Most MENA firms looking to hire this year
About 70 per cent think firms will hire more sales and marketing employees and 40 per cent highlight operational staff
As many as 89 per cent of Middle Eastern businesses are planning to increase or maintain headcount this year, a report said, highlighting a strong emphasis on recruitment in sales and marketing departments.
The survey of more than 26,000 businesses across 90 countries by Regus Business Confidence Index explained that this positivity is in spite of a business confidence index score which has fallen in the Middle East since October last year.
Globally, the index stands at 114 points, up three points, according to our sister publication, the Gulf Daily News, which carried the report.
In the Middle East the index stands at 121 points, down 12 points from six months ago.
As many as 54 per cent of Middle Eastern businesses have reported revenues rose and 45 per cent say they increased profits over the past twelve months.
Nearly a fifth (17 per cent) of businesses plan to increase headcount by more than 5 per cent.

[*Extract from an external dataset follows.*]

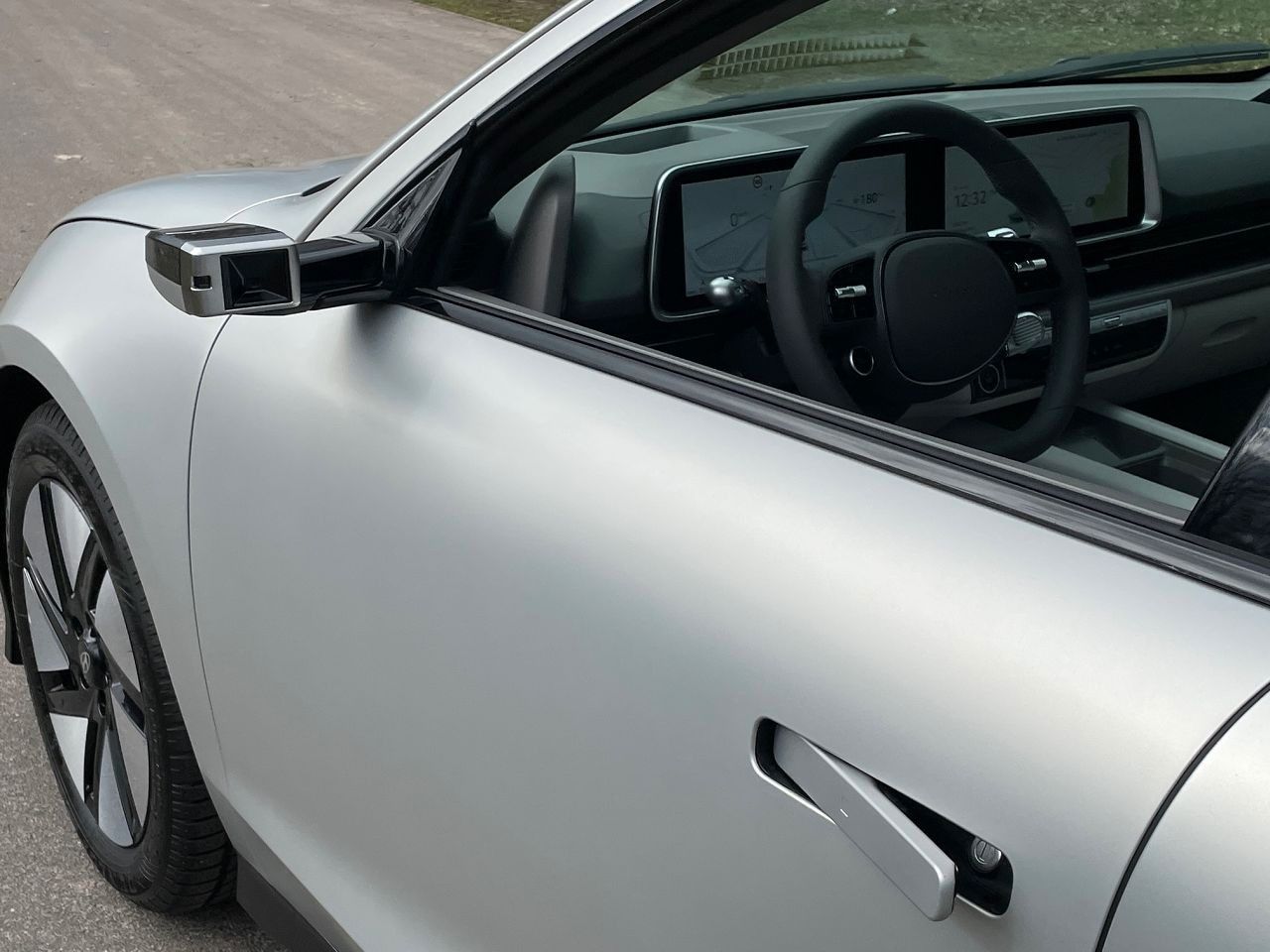 Fahrzeugabbildung Hyundai IONIQ 6 168kW Dynamiq*ACC*GSD*MatrixLED*MIETKAUF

About 70 per cent think firms will hire more sales and marketing employees and 40 per cent highlight operational staff.
"The stand-out figures are not just that firms are looking to recruit but that their plan is to invest in sales and marketing, and this shows that companies feel it's the right time to go out there and sell," said Regus country manager for UAE Kory Thompson.
"These results suggest that sales and marketing professional will be in high demand in the coming months. Businesses need to consider how to recruit and retain the best in the field, ensuring they can remain competitive in their market.
"All trends indicate that offering flexible working will move from a 'nice to have' perk to a necessary condition of employment, being key to securing and retaining the best employees for any company,” he added.
"As younger people come into the workforce, they have a very different attitude to work, placing flexibility and quality of life above more traditional considerations.
"But flexible working also brings additional benefits helping businesses cut fixed office space costs and increase staff productivity," Thompson concluded.